The term “cost segregation” (also known as cost allocation) comes from the need to make the distinction, for income tax purposes, between real property and personal property, which together constitute a commercial property. The different non-permanent components and systems that make up personal property depreciate at a faster rate than real property (as allowed by the IRS), so having a CSS performed makes sense because it generally means a lower tax liability – and more available cash flow – for property/business owners. Currently, the rate of depreciation for real commercial property is 39 years, and for a residential rental property, the rate is 27½ years (the same length of time as for a home). The purpose of a CSS, then, is to separate the personal property assets from the real property assets and identify and properly classify the non-structural systems and components of a commercial property so that, under IRS guidelines, the depreciation of certain qualifying assets can be accelerated to five, seven or 15 years instead of 27½ or 39 years.
Conventional wisdom suggests that a cost segregation study should be performed for commercial properties valued at $200,000 or more, including new construction, remodeling /expanding an existing building, turnkey properties and those being re-purposed. Eligible commercial businesses run the gamut and include restaurants (both eat-in and fast-food), retail and chain stores, grocery stores, shopping malls, office buildings, gas stations, auto sales lots, hospitals and healthcare facilities, factories and manufacturing plants, and even theme parks and sports stadiums and arenas – and the list goes on. Of course, also included in the category of commercial properties are hotels, motels and rental apartment complexes.
With a CSS, all non-permanent, non-structural components – those that suffer from regular wear and tear and need replacement every few years – will depreciate tax-wise at a rate that is reasonable for the business owner, compared to the permanent structural elements of the property. Eligible items include not only various capital assets such as office equipment, furniture, fixtures, carpeting, window treatments, security systems, and various interior elements, but also major systems that are specialized as they relate to the commercial property's specific operation, which can include the electrical, plumbing and HVAC. Additionally, exterior improvements and upgrades are also eligible for accelerated depreciation, such as landscaping, walkways and parking lots, etc.
Structural and building engineers who are trained to read blueprints, and those with a background in construction, are well-suited for some of the demands of properly performing a CSS – specifically, the inspection and inventory aspects in terms of asset classification and costs. Commercial property inspectors are arguably qualified to perform such inspections as well, especially if they have additional aptitudes for understanding financial records, accounts payables, construction permits, change orders, etc.

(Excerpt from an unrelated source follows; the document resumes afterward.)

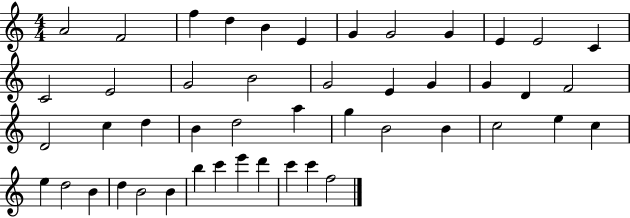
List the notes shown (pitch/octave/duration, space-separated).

A4/h F4/h F5/q D5/q B4/q E4/q G4/q G4/h G4/q E4/q E4/h C4/q C4/h E4/h G4/h B4/h G4/h E4/q G4/q G4/q D4/q F4/h D4/h C5/q D5/q B4/q D5/h A5/q G5/q B4/h B4/q C5/h E5/q C5/q E5/q D5/h B4/q D5/q B4/h B4/q B5/q C6/q E6/q D6/q C6/q C6/q F5/h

The key to performing a CSS that can withstand the scrutiny of the IRS is adequately understanding accounting principles and staying up to date with property tax law so that owners can pay the appropriate amount of tax while taking advantage of available depreciation allowances.

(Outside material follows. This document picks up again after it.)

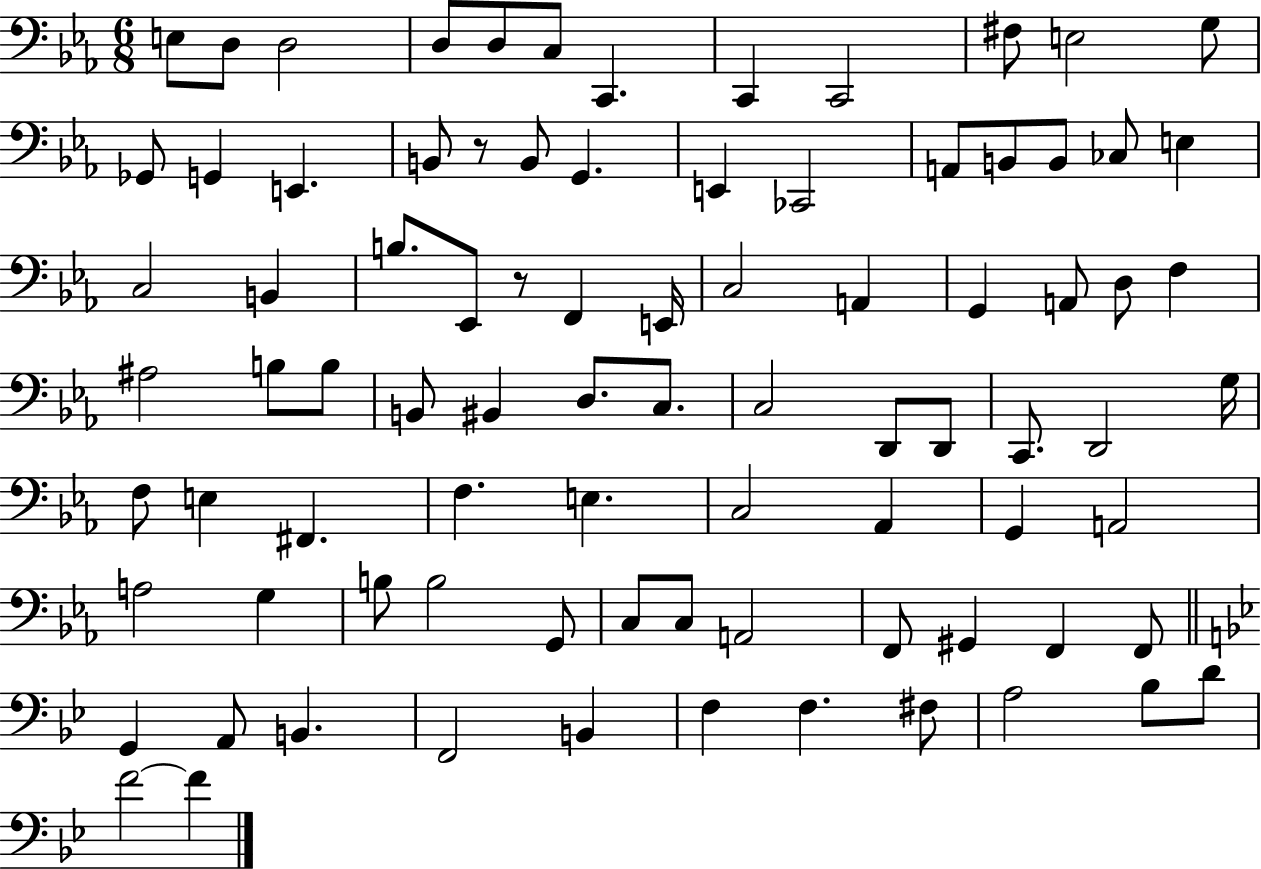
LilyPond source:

One practical approach that commercial property inspectors can take to exploit this niche market may be to offer their inspection services directly to engineering firms, commercial property insurers, Realtors, CPAs and tax preparers, and others who offer comprehensive CSS services to their commercial clients. Despite the burgeoning cottage industry of specialized firms that offer CSS services, there are no singular industry standards that dictate how to conduct or report a CSS in this still-evolving area of federal tax law. The IRS continues to develop its own guidelines for understanding and auditing returns that claim depreciation under these rules that favor the commercial property owner. Especially because “catch-up” depreciation is available to property owners who purchased commercial property after 1987, it appears that Uncle Sam, in this case, is on the side of the taxpayer.